Doing DFS to enumerate paths in the tree: 490F
We can start DFS from each node and do exactly like the original LIS problem by keeping a DP array. The time for update in each node is $O(1)$ so we can easily roll back when we exit a node.

“Construct optimal answer from any”: 460D
The main difficulty of the problem comes from whether we can choose three integers than have xor sum 0. We can start by any solution and try to tweak it. Then we can see if there are such solution exists, there must be some solution of form “$11000000…, 10111111…, 1111111…$”.

Maximum Pseudoforest/ Greedy: 875F
One can show that this problem is equivelant to finding the maximum weight pseudoforest. Since it is a matroid, we can use greedy to solve it using a way similar to Kruskal’s Algorithm.

Combinatorics / DP: 886E
To solve this problem, we try to use DP and see how to reduce to a smaller problem. Consider $f(n)$ as the number of permutations of $1$ to $n$ that exit early. Then we can consider the position of the largest value: if the largest value is in a early position $i <= n – k – 1$, the algorithm will alway exit early; otherwise the problem will become a smaller one.

Combinatorics: 348D
Let $f(x, y)$ be the number of paths from $x$ to $y$. We can shown the answer is $f((1, 0), (n, m-1)) \cdot f((0, 1), (n – 1, m)) – f((0, 1), (n, m-1)) \cdot f((1, 0), (n – 1, m))$. The subtracted term is equal to the number of intersecting pairs by consider exchanging the membership of the path at the first time they intersect. The more general form of this problem is discussed here: Lindström–Gessel–Viennot lemma.

Segment Tree: 687D
One can notice that for any certain range of the edges, there will be at most $O(n)$ edges that matters (edges for a spanning tree and an violating edge). Therefore, we can store those edges for each interval in the segment tree, and for each query, we only have $O(n \log n)$ edges to consider.

Maximum Matching: 1198E
First consider covering the grid with unit strip (i.e. $1 \times n$ or $n \times 1$). Then we can reduce the problem into minimum vertex cover, which can be solved by max flow. The number of vertices is large but we can compress the identical ones.

HLD? / Brute Force: 442D
First of all, the answer will be at most $O(\log n)$ because an upper bound is HLD. Then first each newly added vertex, we can just iterative update its parent, and stop when nothing is updated. The amortized complexity is $O(n \log n)$ because each node will be updated at most $O(\log n)$ times.

Subset Sum / Bitset: 356D
While the problem itself is NP-hard, we can use bitset to squeeze the DP solution. To recover the solution, we can record the first item that make sum $j$ available, which can also be done by using bitset.

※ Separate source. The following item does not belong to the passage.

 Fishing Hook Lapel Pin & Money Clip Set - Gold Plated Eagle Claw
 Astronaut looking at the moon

Constructive Algorithm: 1225F
Sometimes, when dealing with such problems like “finding the maximum answer”, it will be helpful to try to find a upper bound for the answer and show it is always achievable.

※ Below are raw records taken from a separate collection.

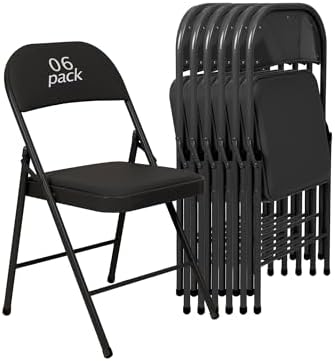 6 Pack Black Padded Folding Chairs Set - Comfortable Stackable Portable Chairs for Indoor Outdoor, Events, Parties, Office, Wedding (PU Leather, Classic Black,School Chair)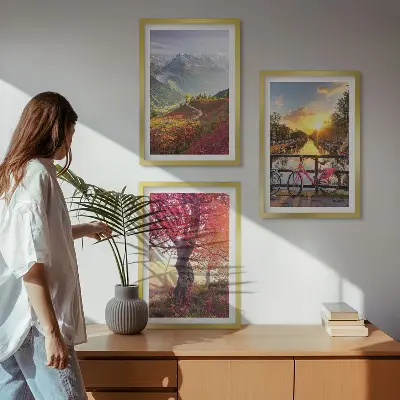 Mountain landscapes by bike wall art set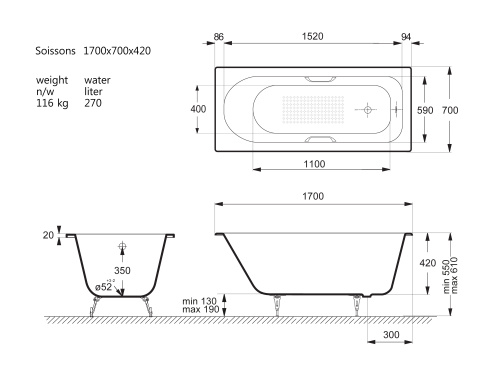 Ванна чугунная Vinsent Veron Soissons VCN1707042H/VH0012BL-AS 170х70 пристенная прямоугольная с ножками с ручками - фото 5
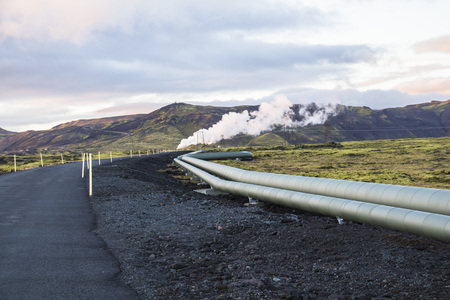Icelandic landscape on golden circle at sunset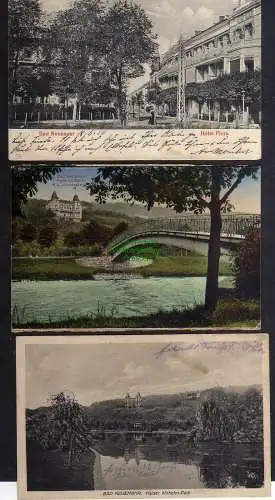 128698 3 Ansichtskarte Bad Neuenahr 1910 Hotel Flora Brücke Johannesberg 1927 Kaiser Wilh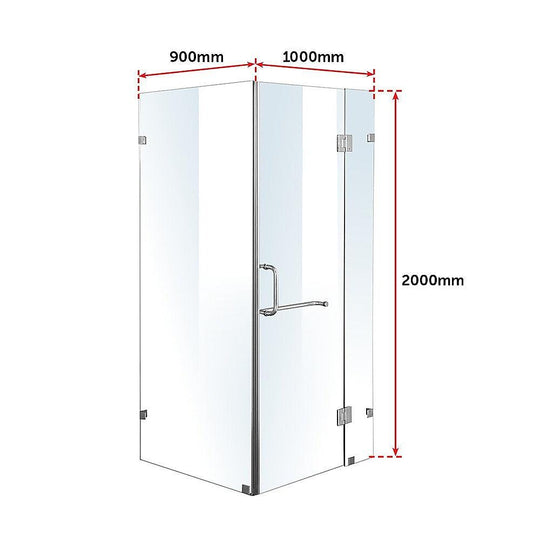 Buy 1000 x 900mm Frameless 10mm Glass Shower Screen By Della Francesca discounted | Products On Sale Australia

While doing brute force transition is too slow, we can just match as long as possible (i.e. longest common prefix) if we do match in a transition. Then the solution will work in $O(n \cdot k)$ after preprocessing LCP and RMQ array.
Consider a (cyclic) sequence where the next number of each number is $(x + d) \text{ mod } m$, where $x$ is the current number and $d, m$ is fixed. Then the answer we want is exactly a segment on this cyclic sequence. Then if $n \leq \frac{m}{2}$, we can see the difference $d$ of a two arbitrary numbers will appear $n – cnt$ times, where $cnt$ is the number of numbers between those two. If $n > \frac{m}{2}$, we can the complement and do the same thing.
We try to do fast queries (of sum of values at positions of values of at most $k$) and update (for adding $+1$ or $-1$ to a interval) in a data structure that stores the DP values.
To do this we can do square root decompostion, where in each block we store the count of a each number and a offset to support fast update. This will cost $O(n \sqrt{n})$ for space (which is a little tight) and time.
To save more space, we can observe that the absolute difference in each block can be at most $\sqrt{n}$. Therefore, we can just store a prefix sum of a certain range of values, which reduces the space complexity to $O(n)$.